Sakaryalı gazeteci ve Anadolu Ajansı Parlamento Muhabiri Atakan Çelik, o gece yaşadıklarını yapımcılığını Haber Kameramanları Derneği’nin yaptığı, Kültür ve Turizm Bakanlığı’nın katkıları ile hazırlanan “O Gecenin Tanıkları” adlı 15 Temmuz belgeselinde anlattı.

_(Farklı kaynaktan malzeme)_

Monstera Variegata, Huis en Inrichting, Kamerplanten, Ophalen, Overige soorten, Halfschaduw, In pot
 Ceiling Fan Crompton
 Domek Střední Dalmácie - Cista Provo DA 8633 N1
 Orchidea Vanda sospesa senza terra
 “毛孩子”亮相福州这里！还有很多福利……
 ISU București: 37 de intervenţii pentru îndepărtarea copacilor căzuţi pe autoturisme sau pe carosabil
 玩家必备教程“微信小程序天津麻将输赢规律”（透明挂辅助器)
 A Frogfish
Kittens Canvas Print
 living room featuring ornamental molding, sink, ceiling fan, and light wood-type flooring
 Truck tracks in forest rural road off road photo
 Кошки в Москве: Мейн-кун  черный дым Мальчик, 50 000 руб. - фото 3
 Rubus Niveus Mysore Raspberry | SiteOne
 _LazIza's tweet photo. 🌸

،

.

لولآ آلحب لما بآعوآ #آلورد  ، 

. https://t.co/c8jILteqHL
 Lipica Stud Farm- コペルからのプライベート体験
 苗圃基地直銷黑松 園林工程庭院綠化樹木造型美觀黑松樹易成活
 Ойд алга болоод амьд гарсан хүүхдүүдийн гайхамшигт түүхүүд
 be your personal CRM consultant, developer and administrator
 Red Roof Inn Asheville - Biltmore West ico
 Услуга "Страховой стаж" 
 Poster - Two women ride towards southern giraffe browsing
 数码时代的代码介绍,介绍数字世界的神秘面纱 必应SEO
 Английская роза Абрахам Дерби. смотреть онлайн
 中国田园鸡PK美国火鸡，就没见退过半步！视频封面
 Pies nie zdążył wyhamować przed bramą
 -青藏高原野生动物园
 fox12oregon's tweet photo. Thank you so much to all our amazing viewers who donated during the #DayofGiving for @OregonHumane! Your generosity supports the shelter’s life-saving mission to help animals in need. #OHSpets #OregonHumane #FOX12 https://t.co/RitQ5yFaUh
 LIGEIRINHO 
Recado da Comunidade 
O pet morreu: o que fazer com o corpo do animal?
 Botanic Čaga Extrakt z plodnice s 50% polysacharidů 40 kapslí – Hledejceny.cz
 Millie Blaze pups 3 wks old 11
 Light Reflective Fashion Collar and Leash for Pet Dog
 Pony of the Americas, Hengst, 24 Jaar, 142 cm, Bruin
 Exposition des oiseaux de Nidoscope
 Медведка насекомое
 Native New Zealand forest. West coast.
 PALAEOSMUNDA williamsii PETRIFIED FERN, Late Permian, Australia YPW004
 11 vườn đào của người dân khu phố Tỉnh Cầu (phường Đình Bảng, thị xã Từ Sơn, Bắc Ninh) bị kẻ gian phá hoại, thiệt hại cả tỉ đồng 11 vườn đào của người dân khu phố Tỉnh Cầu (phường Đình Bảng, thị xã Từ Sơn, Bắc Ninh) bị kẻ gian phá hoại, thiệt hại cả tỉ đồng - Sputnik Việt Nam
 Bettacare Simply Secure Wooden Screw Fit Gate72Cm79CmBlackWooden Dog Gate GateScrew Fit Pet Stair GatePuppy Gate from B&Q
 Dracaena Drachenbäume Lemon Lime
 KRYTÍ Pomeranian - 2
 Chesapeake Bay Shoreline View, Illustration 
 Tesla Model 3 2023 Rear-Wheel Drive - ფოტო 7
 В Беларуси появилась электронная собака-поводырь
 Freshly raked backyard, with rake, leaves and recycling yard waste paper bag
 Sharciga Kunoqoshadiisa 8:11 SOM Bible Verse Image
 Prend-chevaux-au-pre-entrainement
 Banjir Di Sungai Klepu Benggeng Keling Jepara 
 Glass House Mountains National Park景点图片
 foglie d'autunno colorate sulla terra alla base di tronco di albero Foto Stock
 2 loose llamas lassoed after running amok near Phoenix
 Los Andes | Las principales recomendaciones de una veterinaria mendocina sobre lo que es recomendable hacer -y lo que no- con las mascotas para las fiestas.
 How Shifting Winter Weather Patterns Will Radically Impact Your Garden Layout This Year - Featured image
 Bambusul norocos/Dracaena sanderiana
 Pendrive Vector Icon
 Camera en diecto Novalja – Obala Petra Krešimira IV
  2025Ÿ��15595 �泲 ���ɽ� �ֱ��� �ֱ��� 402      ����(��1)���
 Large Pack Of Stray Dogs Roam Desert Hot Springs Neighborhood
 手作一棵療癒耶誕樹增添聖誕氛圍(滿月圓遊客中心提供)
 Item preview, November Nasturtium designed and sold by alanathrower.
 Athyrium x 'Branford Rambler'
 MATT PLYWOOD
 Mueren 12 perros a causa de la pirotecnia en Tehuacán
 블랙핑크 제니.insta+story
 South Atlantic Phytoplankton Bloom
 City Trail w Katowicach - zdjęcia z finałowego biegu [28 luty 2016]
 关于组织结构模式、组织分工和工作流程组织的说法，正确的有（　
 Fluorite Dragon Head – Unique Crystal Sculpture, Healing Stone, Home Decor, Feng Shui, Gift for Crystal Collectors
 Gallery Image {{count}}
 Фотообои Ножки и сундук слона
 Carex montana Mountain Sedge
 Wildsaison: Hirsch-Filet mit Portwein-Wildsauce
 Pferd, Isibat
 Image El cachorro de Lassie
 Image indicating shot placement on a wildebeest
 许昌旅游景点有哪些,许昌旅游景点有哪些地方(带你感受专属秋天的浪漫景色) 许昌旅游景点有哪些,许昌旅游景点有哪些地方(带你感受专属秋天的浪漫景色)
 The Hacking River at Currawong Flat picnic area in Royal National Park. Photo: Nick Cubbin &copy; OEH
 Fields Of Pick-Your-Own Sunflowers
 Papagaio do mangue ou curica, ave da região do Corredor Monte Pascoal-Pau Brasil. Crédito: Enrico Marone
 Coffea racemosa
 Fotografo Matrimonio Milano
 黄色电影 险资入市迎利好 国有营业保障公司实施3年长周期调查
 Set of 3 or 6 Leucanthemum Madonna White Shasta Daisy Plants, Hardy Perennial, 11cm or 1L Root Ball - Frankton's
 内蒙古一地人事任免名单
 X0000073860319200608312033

Çelik, darbe gecesi yaşadıklarını bu ifadelerle dile getirdi:
“15 Temmuz gecesi iyilerle kötülerin savaşıydı. Bir çetenin millete ve milli iradeye karşı darbe girişimine karşı milletin yumrukla cevabinin tarihidir 15 Temmuz. “Ölmeye hazır olan insanlar, ölmeye hazır olmayanlara karşı her daim galip gelirler. Darbenin ilk saatleri ve uçakların insanı sağır eden uçuşu. Her yer karanlık, sadece gönüllerde yanan özgürlük ateşi. Gece yarısını zaman çoktan geçmiş, sanki bir asır gibi. Üzerimize bombaların yağmaya başladığı dakikalar, Millet iradesinin tecelligahı ve kalesi TBMM’ye ilk gelen gazeteci olarak ben ve muhabir arkadaşım Coşkun Ergül. O garabet saatlerde “hakkını helal et” nidası. Ve yarıda kalan habercilik görevimize devam ettik. Sabahın ilk ışıkları ve yeniden aydınlık. O geceden geriye kalan ise: “Ölüm bize ne uzak bize ne yakın ölüm. Ölümsüzlüğü tattık bize ne yapsın ölüm” Bir çetenin millete ve milli iradeye karşı darbe girişimine karşı milletin yumrukla cevabinin tarihidir. Darbe girişiminin üzerinden kocaman 6 yıl geçmiş… Ülkemizin istiklal ve istikbaline kast eden hainlere karşı canını feda eden şehitlerimizi rahmet ve minnetle anıyor, gazilerimize şükranlarımı sunuyorum.”